Joe Walker who has made a study of Gen. Granbury and the Western Theater and has accumulated numerous artifacts relating to Granbury, his brigade and the Battle of Franklin was “drafted” to present our program. Joe presented us with some little known facts on General Granbury including his background and early years. He did an admirable job with only 45 minutes notice! Many thanks, Joe, we are indebted to you.
November 10 is our final program for 2015. Dr David Coffey, head of the History Department at the University of Tennessee- Martin will speak to us on the Battle of Franklin. Franklin, TN is now a suburb of Nashville but was a pivotal battle for both sides in November, 1864. It’s loss for the Confederates under John Bell Hood led to his resignation and ultimate loss of eastern Tennessee for the southern cause. You may remember David from a few years ago when he presented a talk on the Battle of Atlanta. David has authored several Civil War books and is an entertaining speaker. You need to attend!

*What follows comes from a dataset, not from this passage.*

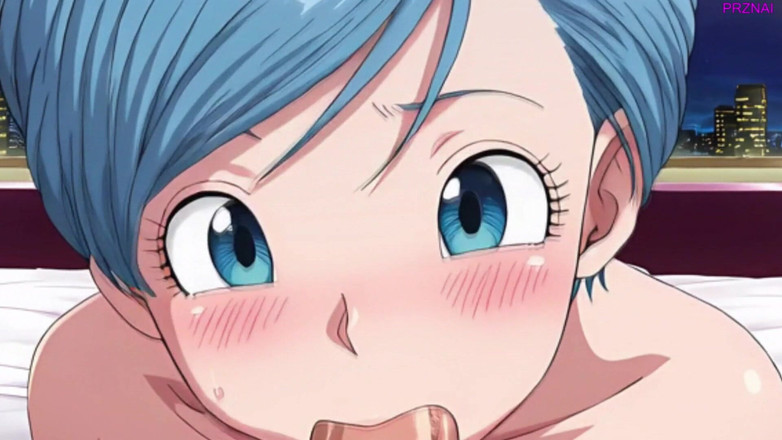 Prznai: 龙珠 bulma Hen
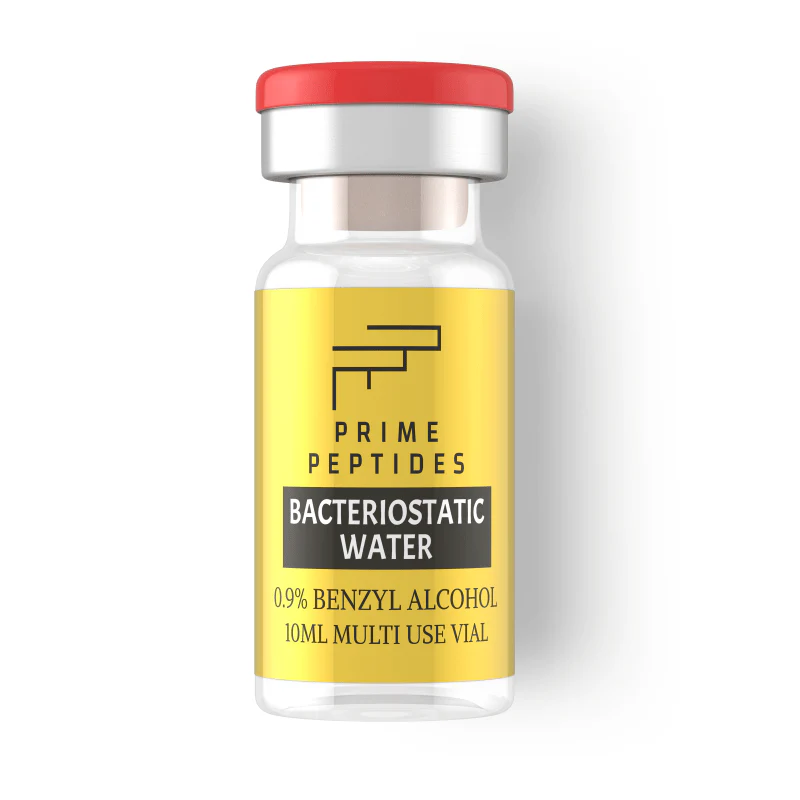 BAC Water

Dues for the next year are payable! This is probably the best Civil War educational bargain in the area. We have eight meetings per year with entertaining and informational presentations from noted scholars as well as great BBQ and the opportunity to meet other Civil War enthusiasts ! Dues are only: Single $25, Family $35, and Speaker Sponsors $100. You can bring your dues to the November 10 meeting or you can mail your check payable to : CenTex CWRT; c/o Gary Nelson, 3401 Sky Harbor; Granbury 76049.
I hope to see all of you on Nov 10th
Ray Ashley
___________________________________________________________________________ October 13, 2015
North Central Texas Civil War Roundtable will hear acclaimed author and history professor John Lundberg speaking on Hiram B Granbury, whose biography won the prestigious Pate Award. Dinner at 5:30 pm and presentation at 6:30 pm. Spring Creek BBQ. 317 E Hwy 377.

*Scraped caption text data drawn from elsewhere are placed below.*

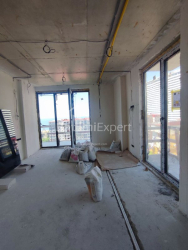 Mieszkanie 1-комн 37.3 m² - Szałwa Inasaridze, Batumi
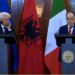 Presidenti italian: Vendi i Shqipërisë është në BE, rol kyç në këtë proces integrimi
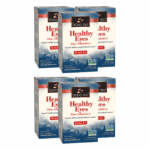 Healthy Eyes Tea - by Bravo Tea - 6-pack
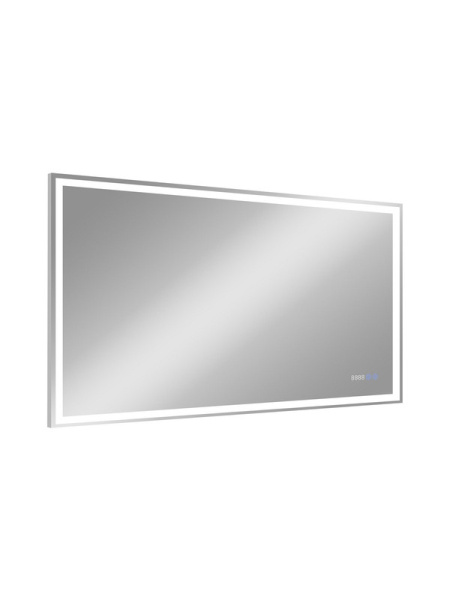 Зеркало с подсветкой (120x70) Continent Mercury ЗЛП690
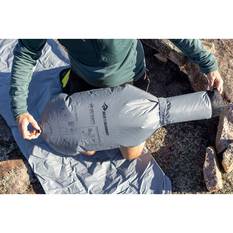 Sea to Summit Ether Light XR Insulated Air Sleeping Mat - Regular, , bcf_hi-res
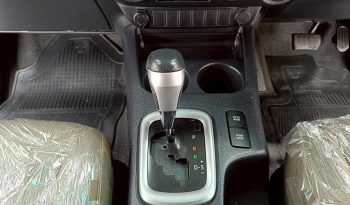 REVO PRE 2018 2.4E AT DOUBLE CAB SILVER  4960 full
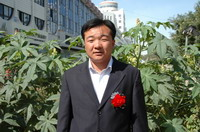 敦煌種業(yè)2005/2006年度先進(jìn)企業(yè)、優(yōu)秀管理者和先進(jìn)工作者名單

Our guest speaker at our August meeting, Dr. Curt Fields and his wife Lena stayed at the Plantation Inn, Hwy 377, in Granbury. Here they are in character as Gen Grant and his wife Julia.

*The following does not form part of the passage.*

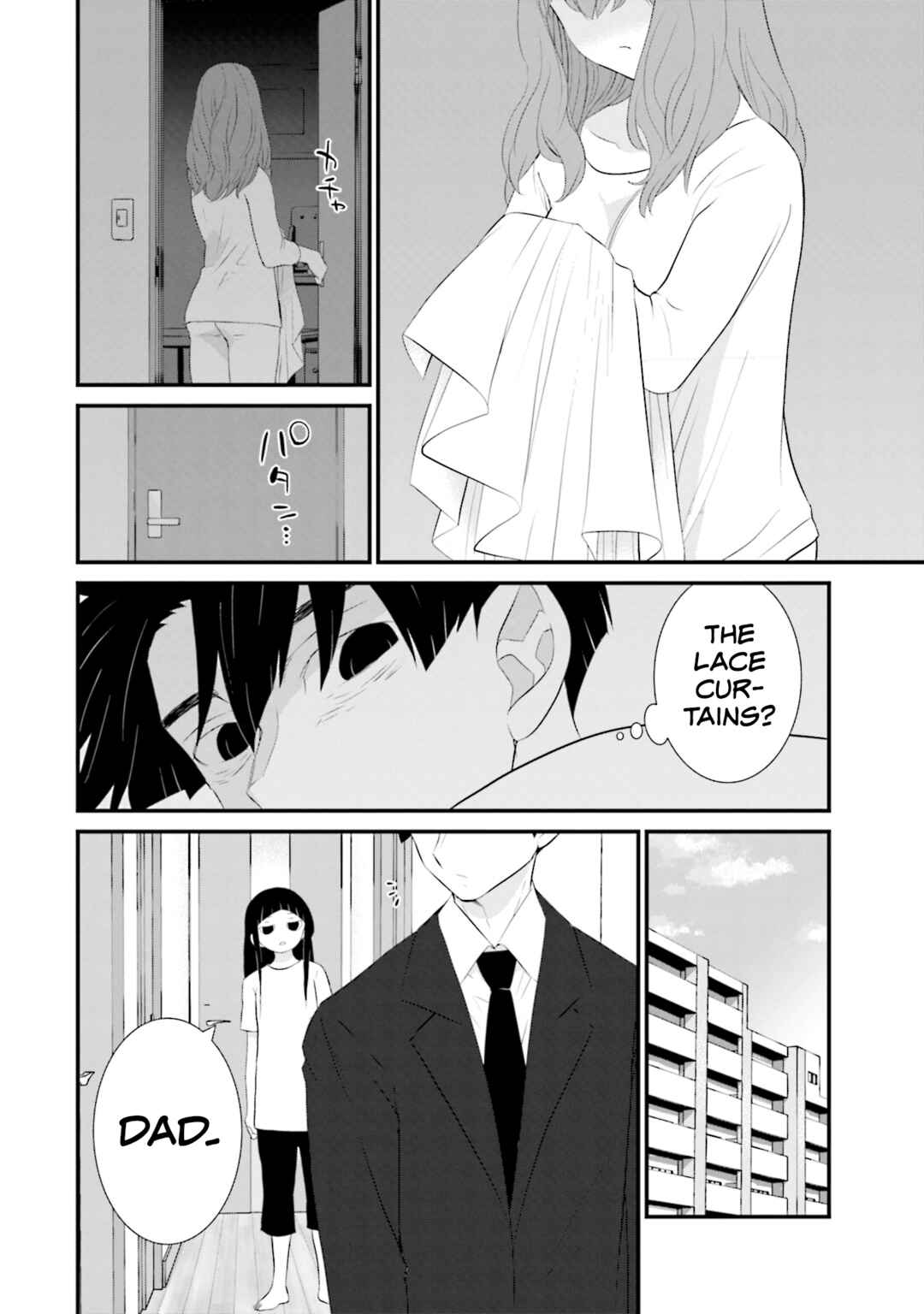 Sonna Kazoku nara Sutechaeba? Chapter 24 - Page 16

___________________________________________________________________________ August 29, 2015
I trust everyone has had a relaxing summer, vacations behind us, school started and weather cooling down a bit. Our first CWRT of the fall will be held at our usual spot, Spring Creek BBQ (Hwy 377, Granbury)Tuesday, September 8 with dinner and social time at 5:30 pm and program at 6:30 pm. We have a real treat with nationally recognized historian, Dr. Curt Fields presenting, “ Ulysses S Grant, from Corinth to Appomattox.” Dr. Fields has been widely acclaimed as the most noted authority of the life of Ulysses S Grant who, rose from obscurity to command the most powerful army in existence at that time, thence to become our nation’s 18th president. This is a great kick-off for our 2015-2016 speaker season and you need to be there!
We have a full fall schedule with Dr. John Lundberg speaking on Hiram S Granbury on October 13. John’s biography of Granbury won him the prestigious Pate award from the Fort Worth Civil War Roundtable. The November 10 meeting will have Dr. David Coffey speaking on the Battle of Franklin, Dr. Coffey spoke to us last year on John Bell Hood and the Atlanta Campaign and was extremely well received.
We have been scheduling speakers for 2016 and have commitment from outstanding presenters for the first three months. I hope to have the remainder of the Spring 2016 schedule completed soon.
Some members have not paid their dues for this year and we would appreciate it if those of you who have yet to pay please see if you can do so; this is a real bargain: $25 Single; $35 Family and $100 Speaker Sponsor. You may bring your dues to the next meeting or mail them to our treasurer, Gary Nelson at 3401 Sky Harbor, Granbury, TX 76049. Dues should be payable to North Centex CWRT. We are bringing in three of our eight speakers from out of town and have committed to pay for their travel and meals plus a small honorarium so the funds will be put to good use.
Let’s have a good turnout for General Grant!